Pendant un siècle, l’ordre du Néolithique paraissait acquis : on cultive, donc on se sédentarise, donc on fait des villages, donc on bâtit des temples. Une colline du sud-est de la Turquie a inversé la phrase. À Göbekli Tepe, des chasseurs-cueilleurs ont dressé des monuments de pierre avant l’agriculture, avant la céramique, avant le village.
Une colline qu’on avait prise pour un cimetière
Le site est repéré dès 1963 par une prospection américano-turque, qui note des blocs calcaires affleurant sur une éminence et conclut à un cimetière byzantin. On passe à autre chose. En 1994, l’archéologue allemand Klaus Schmidt relit les carnets, revient sur place, comprend en une journée que ces blocs sont des piliers taillés, et y consacrera le reste de sa vie, jusqu’à sa mort en 2014.

Des piliers en T, et des gens dedans
Les fouilles dégagent des enclos circulaires ou ovales, délimités par des piliers de calcaire en forme de T, plantés dans le sol et reliés par des murets. Les plus grands, au centre de chaque enclos, atteignent cinq mètres et demi et pèsent une dizaine de tonnes. Dans une carrière voisine, un pilier resté inachevé approche les sept mètres pour une cinquantaine de tonnes.
Ces piliers ne sont pas de simples supports.

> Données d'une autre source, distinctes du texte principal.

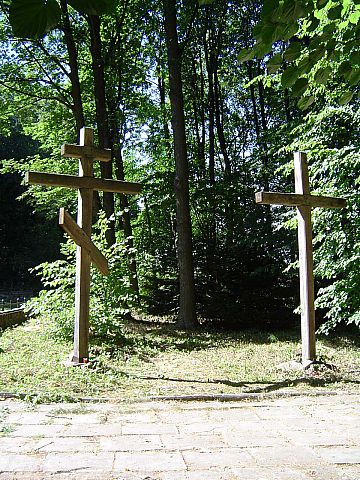 �wi�ty Krzy� - cmentarz je�c�w radzieckich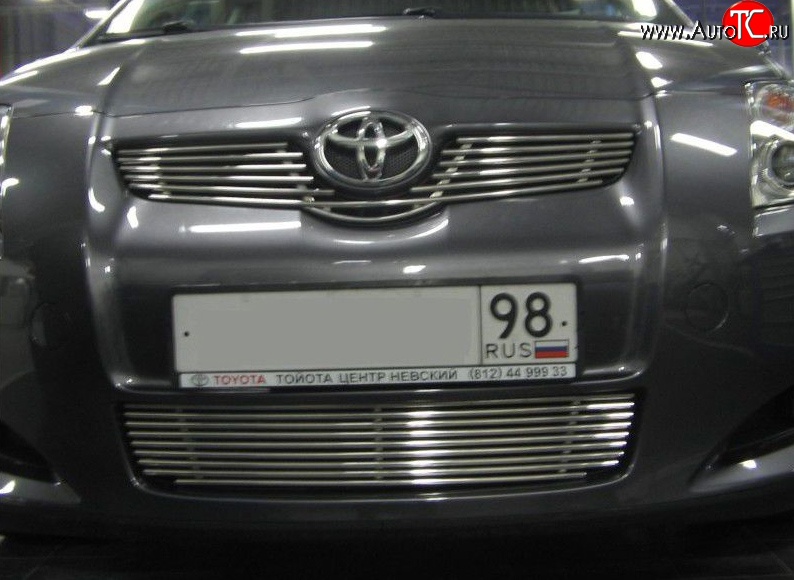 5 899 р. Декоративная вставка решетки радиатора Berkut Toyota Auris E150 хэтчбэк 5 дв. дорестайлинг (2006-2010)  с доставкой в г. Пермь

Beaucoup portent des bras pliés le long du corps, des mains qui se rejoignent sur le ventre, une ceinture, parfois un pagne. Ce sont des êtres, stylisés à l’extrême : un T pour la tête et les épaules, et rien pour le visage.

Un bestiaire qui ne se mange pas
Les reliefs sculptés sur les piliers déroulent renards, sangliers, serpents, aurochs, grues, vautours, scorpions, araignées. Le détail est éloquent : ce ne sont pas, pour l’essentiel, des animaux de gibier. Ce n’est donc pas un art de la chasse ou de l’abondance, mais autre chose, un vocabulaire dont nous n’avons plus la clé.

Ce qui cloche dans la chronologie
Les niveaux les plus anciens remontent à environ 9 500 avant notre ère. À cette date, dans la région, personne ne cultive encore. Pas de poterie. Pas d’animaux domestiques. Pas de villages permanents attestés à proximité immédiate.
Il a donc fallu que des chasseurs-cueilleurs extraient, taillent, transportent et dressent des blocs de dix tonnes, et qu’on nourrisse tout ce monde pendant les travaux.

Le temple a-t-il fait le grain ?
C’est l’hypothèse qui a rendu Göbekli Tepe célèbre. Schmidt proposait de renverser la causalité : rassembler des centaines de personnes pour un chantier collectif suppose de les nourrir, donc de disposer de réserves fiables, donc de pousser les céréales sauvages vers la culture. Le besoin de bâtir aurait précédé et provoqué l’agriculture. L’argument est renforcé par un fait troublant : les blés engrains sauvages génétiquement les plus proches des blés cultivés poussent au Karacadağ, à une trentaine de kilomètres.
Ce que les fouilles récentes ont nuancé
La formule « le premier temple du monde » a fait le tour de la planète ; elle est aujourd’hui jugée trop tranchée par l’équipe qui a succédé à Schmidt. On a mis au jour sur le site des citernes, des meules, des structures d’habitat : Göbekli Tepe n’était pas un sanctuaire vide occupé quelques jours par an, mais un lieu où l’on vivait aussi. L’opposition entre temple et village y perd son sens, et c’est peut-être la vraie découverte.
Le programme turc Taş Tepeler a depuis identifié une douzaine de sites contemporains dans la même région, dont Karahan Tepe. Göbekli Tepe n’est pas une anomalie isolée : c’est le sommet visible d’un monde entier.
Y aller
Le site est inscrit au patrimoine mondial de l’UNESCO depuis 2018 et se visite, à une quinzaine de kilomètres de Şanlıurfa, sous une vaste couverture qui protège les enclos. Le musée archéologique de Şanlıurfa en présente les pièces majeures.